Pour certains, nous parcourons ce chemin depuis longtemps. Cela peut prendre bien des formes, très différentes pour chacun de nous. La lecture en constitue une bonne part, ainsi que la pratique de diverses formes de méditation et de contemplation, des rites et des prières, ou encore pour les plus intrépides, l’absorption de substances auxquelles on attribue des pouvoirs magiques. Un jour vient l’éveil. Nous prenons alors conscience que ce que nous cherchions était là depuis toujours, à l’intérieur. Si parfois nous l’avions ressenti, instinctivement, de manière fortuite, à travers quelque écrit ou une expérience involontaire et fugace, nous découvrons à travers l’éveil que cette expérience-là, elle était depuis toujours en nous, et elle le sera jusqu’à la fin de notre passage ici-bas.

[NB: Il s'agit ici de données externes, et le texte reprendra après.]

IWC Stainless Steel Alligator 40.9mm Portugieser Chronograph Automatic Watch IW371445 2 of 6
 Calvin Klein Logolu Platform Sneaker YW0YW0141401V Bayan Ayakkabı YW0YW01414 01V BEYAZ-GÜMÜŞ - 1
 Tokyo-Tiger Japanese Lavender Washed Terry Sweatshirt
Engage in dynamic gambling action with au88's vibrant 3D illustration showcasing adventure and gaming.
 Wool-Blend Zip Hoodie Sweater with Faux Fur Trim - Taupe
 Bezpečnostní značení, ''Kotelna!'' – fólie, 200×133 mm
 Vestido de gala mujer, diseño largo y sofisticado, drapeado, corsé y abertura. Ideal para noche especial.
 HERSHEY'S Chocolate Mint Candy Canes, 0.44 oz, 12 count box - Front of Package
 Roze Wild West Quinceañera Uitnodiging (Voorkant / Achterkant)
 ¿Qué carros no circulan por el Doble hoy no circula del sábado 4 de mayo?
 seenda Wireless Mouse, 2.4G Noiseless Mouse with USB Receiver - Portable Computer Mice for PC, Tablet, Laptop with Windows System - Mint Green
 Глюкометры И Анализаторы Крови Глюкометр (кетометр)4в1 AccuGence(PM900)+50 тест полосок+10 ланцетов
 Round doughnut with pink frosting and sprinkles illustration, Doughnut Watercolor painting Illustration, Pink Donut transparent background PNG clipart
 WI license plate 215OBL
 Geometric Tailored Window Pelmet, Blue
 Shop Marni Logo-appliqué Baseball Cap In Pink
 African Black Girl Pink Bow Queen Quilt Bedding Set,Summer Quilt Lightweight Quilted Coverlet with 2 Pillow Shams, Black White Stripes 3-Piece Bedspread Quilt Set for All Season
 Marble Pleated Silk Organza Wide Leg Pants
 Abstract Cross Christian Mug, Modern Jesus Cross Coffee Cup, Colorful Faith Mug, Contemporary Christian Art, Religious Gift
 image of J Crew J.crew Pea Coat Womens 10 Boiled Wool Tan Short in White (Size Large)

Je dirais même au-delà, mais seule l’expérience nous le montrera. On constate alors que cette expérience ne peut être décrite dans des livres, ne peut être obtenue par des prières, qu’il n’est pas nécessaire de se rendre dans des lieux consacrés pour la vivre. La parole ne peut transmettre cette expérience, les idées sont impuissantes à en rendre le vécu. Prenons une image simple : vous avez soif, et votre interlocuteur (ou le livre que vous lisez) vous décrit ce qu’est l’expérience de boire un verre d’eau. Vous comprenez bien ce qui vous est transmis, mais vous avez toujours soif, la lecture ou l’audition de l’expérience d’autrui ne vous est d’aucun secours, seule l’expérience que vous ferez par vous-même de boire un verre d’eau, va étancher votre soif. Il en va de même pour l’éveil. Vous pouvez lire tous les livres du monde qui parlent de mille manières de cette expérience, vous pouvez écouter les paroles de maîtres qui feront de longs discours à ce propos, cela ne fera qu’attiser votre soif, mais ne l’étanchera jamais. Il vous faut boire le verre d’eau. Aucun maître ne pourra vous transmettre « son » expérience, mais seulement un guide pourra vous indiquer le moyen de parvenir à la faire par vous-même. Ce moyen, il est très simple, c’est la contemplation du souffle, cet exercice d’attention à ce qui est déjà en nous, depuis le premier jour et le sera jusqu’au dernier, est la clé qui ouvre la porte de la conscience. Le souffle, c’est ce qui nous anime, l’anima, l’âme. Regardez votre âme et vous connaîtrez l’éveil. Observez donc votre souffle, soyez-y attentifs, de manière sincère, et faites l’exercice avec constance, alors vous vous éveillerez à cette conscience.